I'm in the middle of a lace collar when it strikes me: I have changed.

My hand halts in midair, holding the brush. It makes me blink, this sudden comprehension, incomprehension, the impossible turned in midair to reveal the coin's other side.

I have changed. I am not who I was in ages past; I have moved from my former place.

This is a revelation.


It's always been a mild amusement, something to puzzle over in the darkness before dawn: I tell my friends of my life and what I intend to (and normally do) spin off lightly as froth and immaterial, they normally see as sheerest insanity, or insane courage in the face of savagery.

To me, of course, this is the commonest of occurrences: after all, it's my life. How could it not be average? But to others, tales of destabilization, tales told lightly from the life on guard, occasionally pull out of them all the shock, all the confusion, all the horror I'm not able to feel--or have chosen not to feel. Though it still confuses me, when my daily life experience is so very shocking to others.

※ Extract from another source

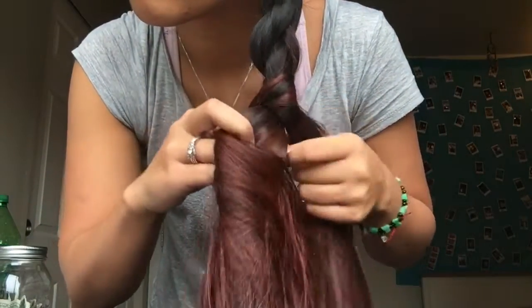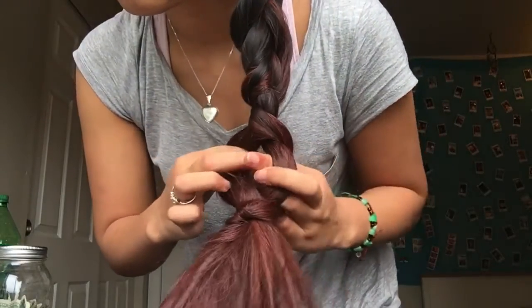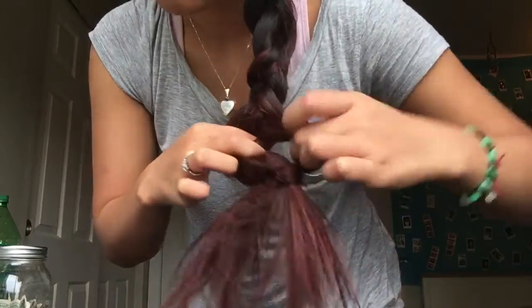Then at the end of your hair, it'll start kind of clumping up and tied together, which is exactly what we want. The clumpier, the better. So then at the very end of your braid, you're going to open up a little pocket kind of like this, and you're going to pull the ends of your hair through.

I listen to the poets sing, carefully changing the collar, color by color, pixel by pixel, and reflect on a life spent on the other side of the glass. Was it my ultimate goal to reveal more of myself in spaces of less safety? If I had the same choices, would I take them again, seize each opportunity, for good or ill?

Would I mourn the ones I lost? Would I worry over the smallest phrase, the merest word, of the ones who walked away? Would I have walked away from everyone I chose to leave? Would I have loved at all?


It's a notable fact that I am less connected now, oddly enough, instead of more. Most of my old friends--friends I had, for a variety of reasons, before I moved to Caledon--have stopped talking to me. I know, without a shred of doubt surfacing, that at least in some part this is due to the lack of casual sex in my friendships with them. More important to me, however--though perhaps less so to them--is that I no longer seem to have anything in common with people who think of sex first, relating second.

This strikes me. This strikes me and strikes me. I have been here before. I have lost loves like this before. When the physical overweighed the emotional. I have done this, this exact this, before.

Now? I am by no means a prude, by no means disconnected from the joy of physicality. All my loves I also lust after, my deeply treasured ones; they will always touch more of me than just my heart. In any world, in any space, I would enjoy them, however I could; even if it were just the caress of their voices in my ears.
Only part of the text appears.